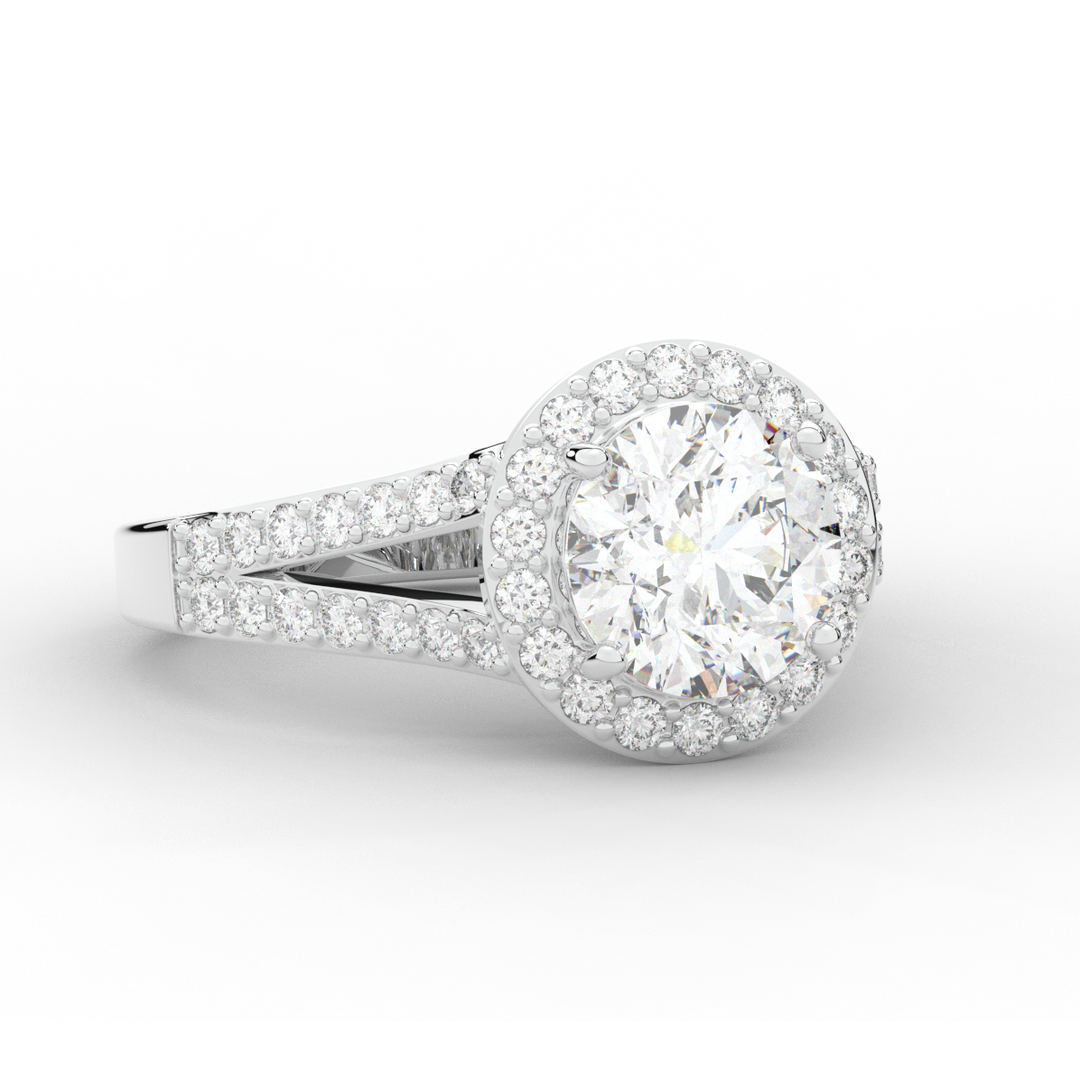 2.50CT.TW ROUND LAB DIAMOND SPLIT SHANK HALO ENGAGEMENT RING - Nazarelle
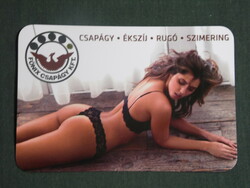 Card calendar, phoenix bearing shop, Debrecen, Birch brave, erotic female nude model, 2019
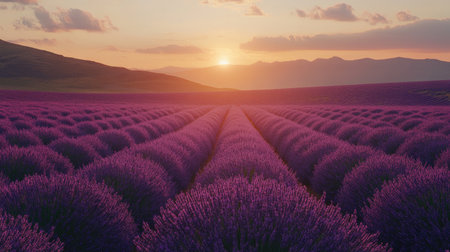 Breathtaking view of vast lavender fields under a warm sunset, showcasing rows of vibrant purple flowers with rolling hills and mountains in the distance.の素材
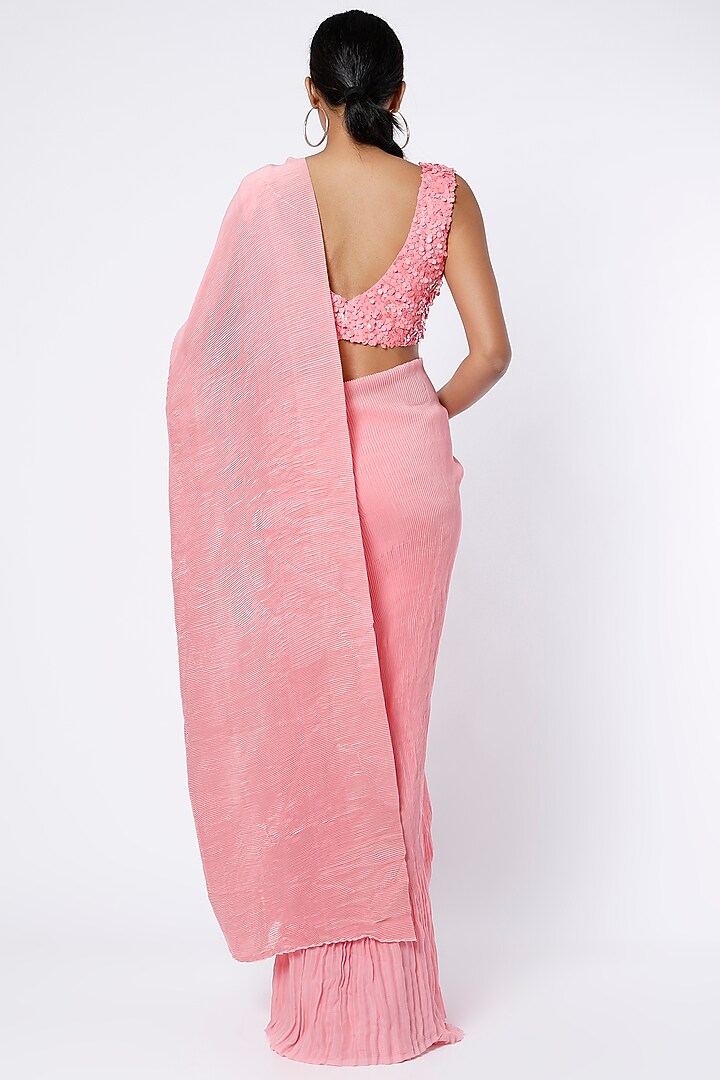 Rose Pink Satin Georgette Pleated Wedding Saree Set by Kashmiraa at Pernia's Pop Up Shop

What you are asked to do: Write the lines from the line containing "Breathtaking view of" through the last line of the data out again exactly, and only those lines; pictures stay out.

Your response:
 Breathtaking view of vast lavender fields under a warm sunset, showcasing rows of vibrant purple flowers with rolling hills and mountains in the distance.の素材
 Rose Pink Satin Georgette Pleated Wedding Saree Set by Kashmiraa at Pernia's Pop Up Shop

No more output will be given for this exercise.